Only the lines from the one containing "Louis Philippe Jeans Men Slim Fit Cargos" through the final line below belong in the output, copied exactly and without pictures.

Dataset section –
··········
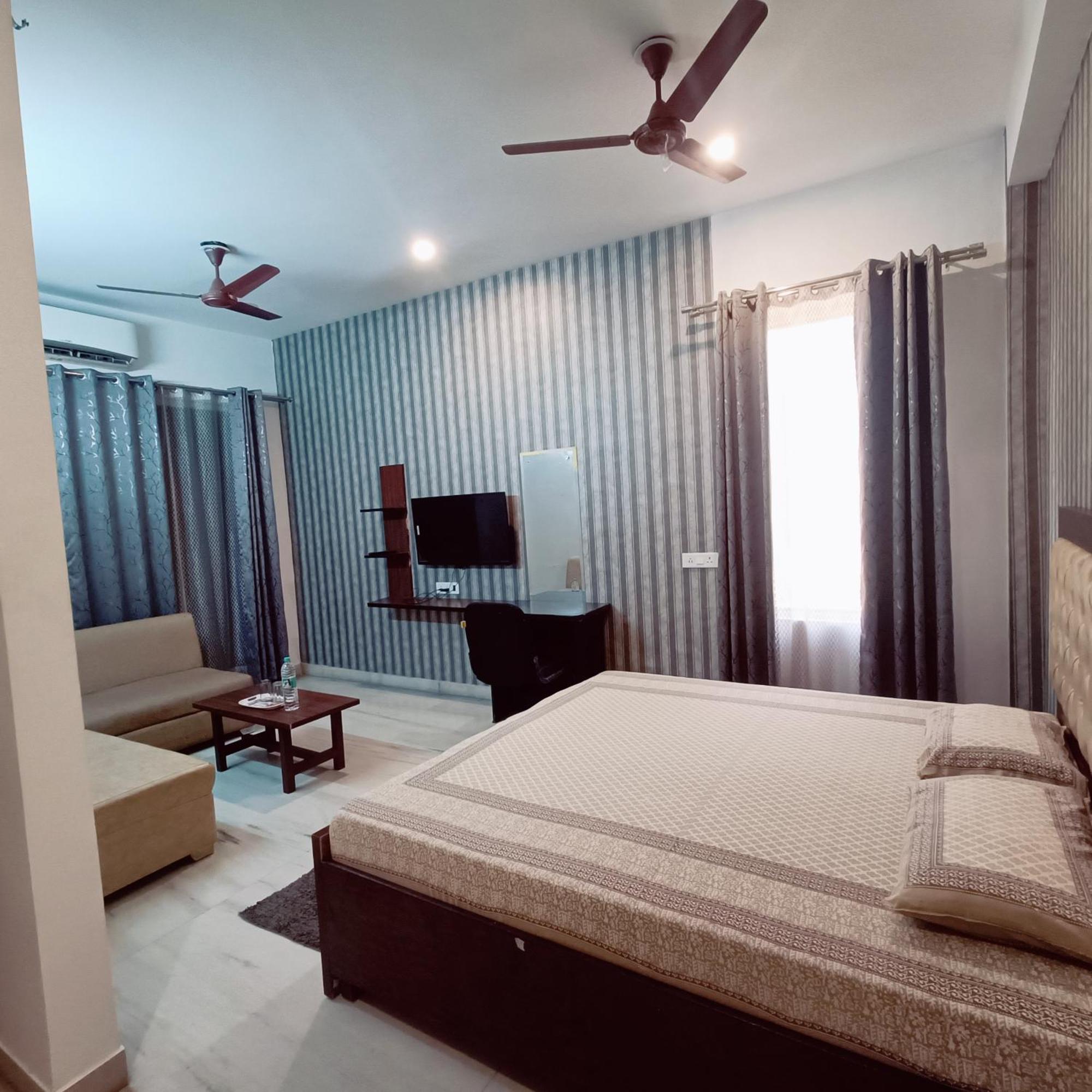 Mi Casa Sector 47 Appartement Gurgaon Buitenkant foto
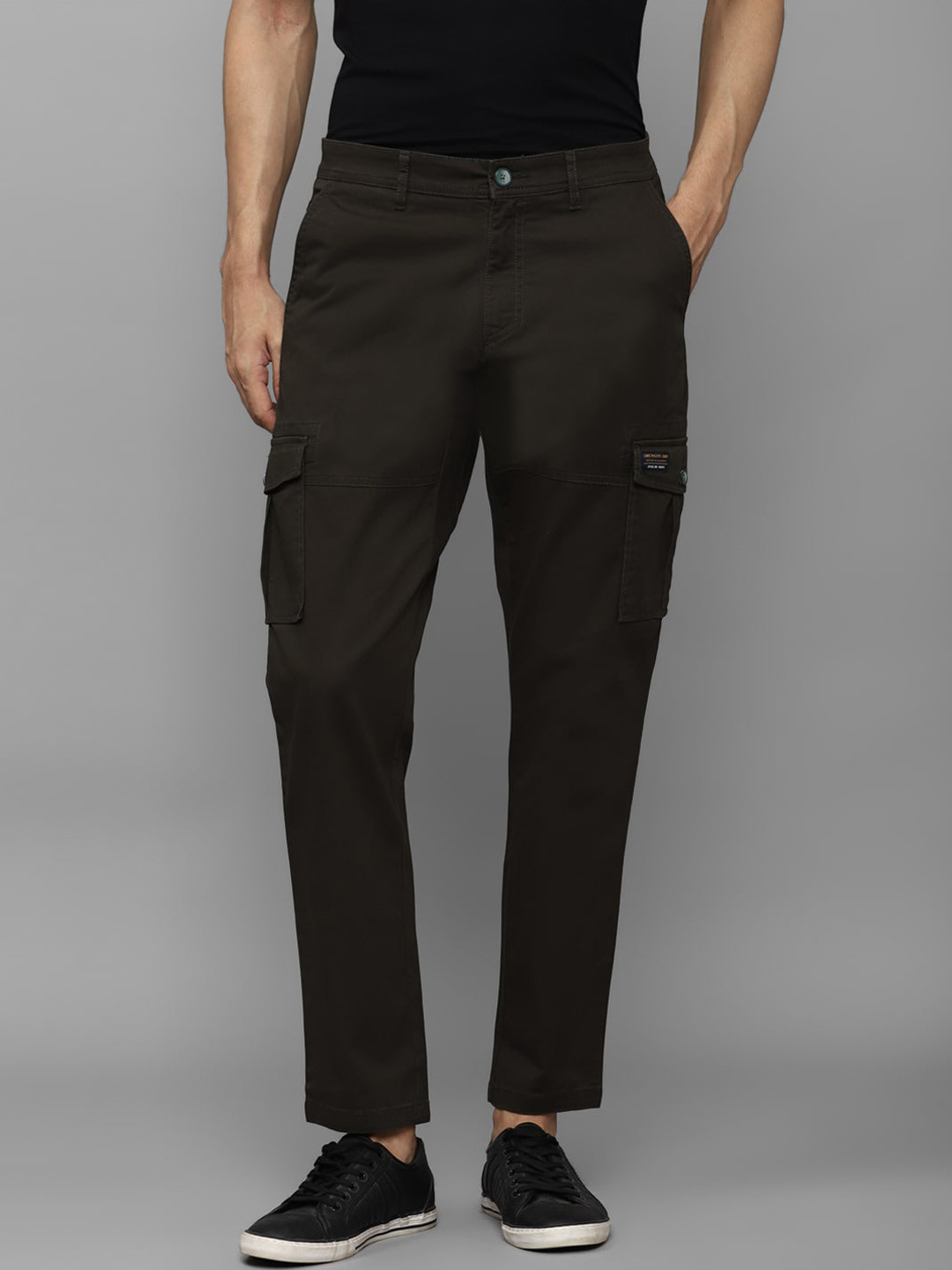 Louis Philippe Jeans Men Slim Fit Cargos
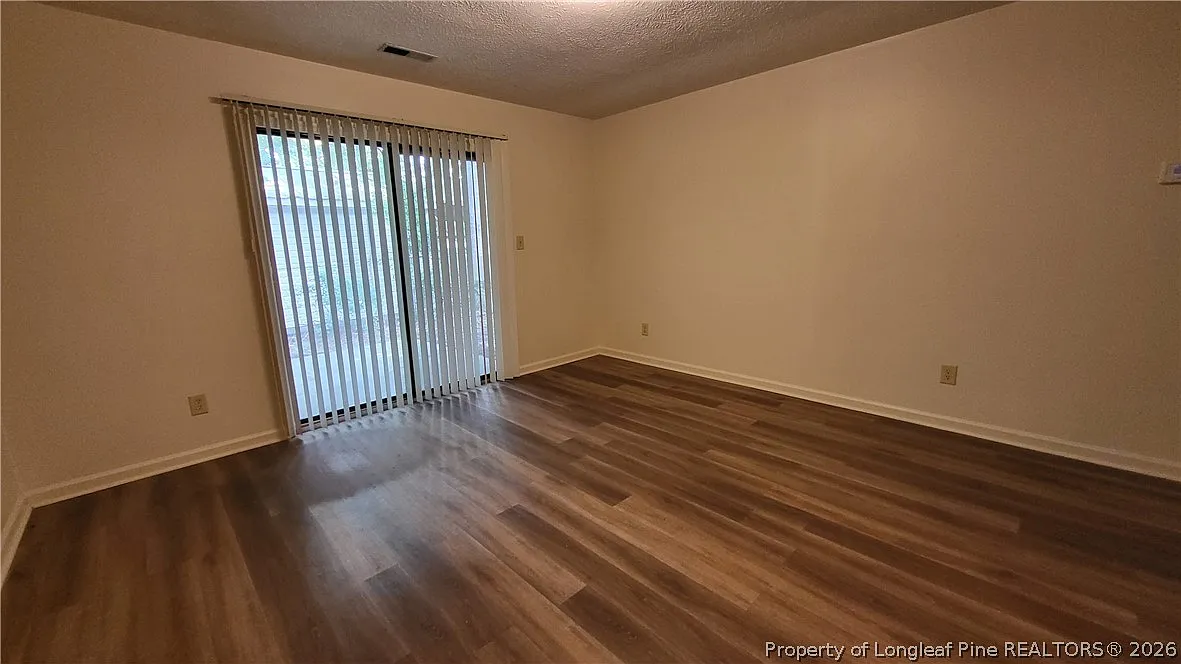 1 bed, 1.0 bath, $750 — Photo 2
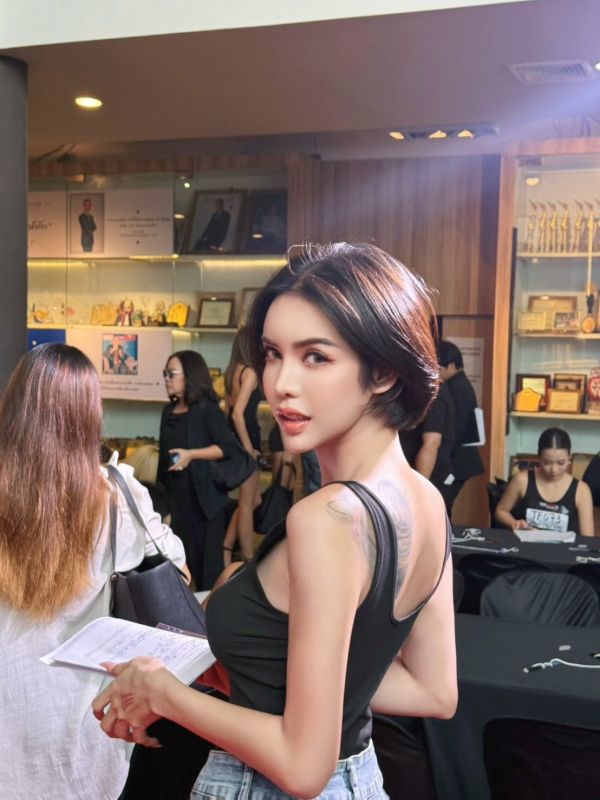 นารา เครปกะเทย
··········
Exercise solution –
 Louis Philippe Jeans Men Slim Fit Cargos
 1 bed, 1.0 bath, $750 — Photo 2
 นารา เครปกะเทย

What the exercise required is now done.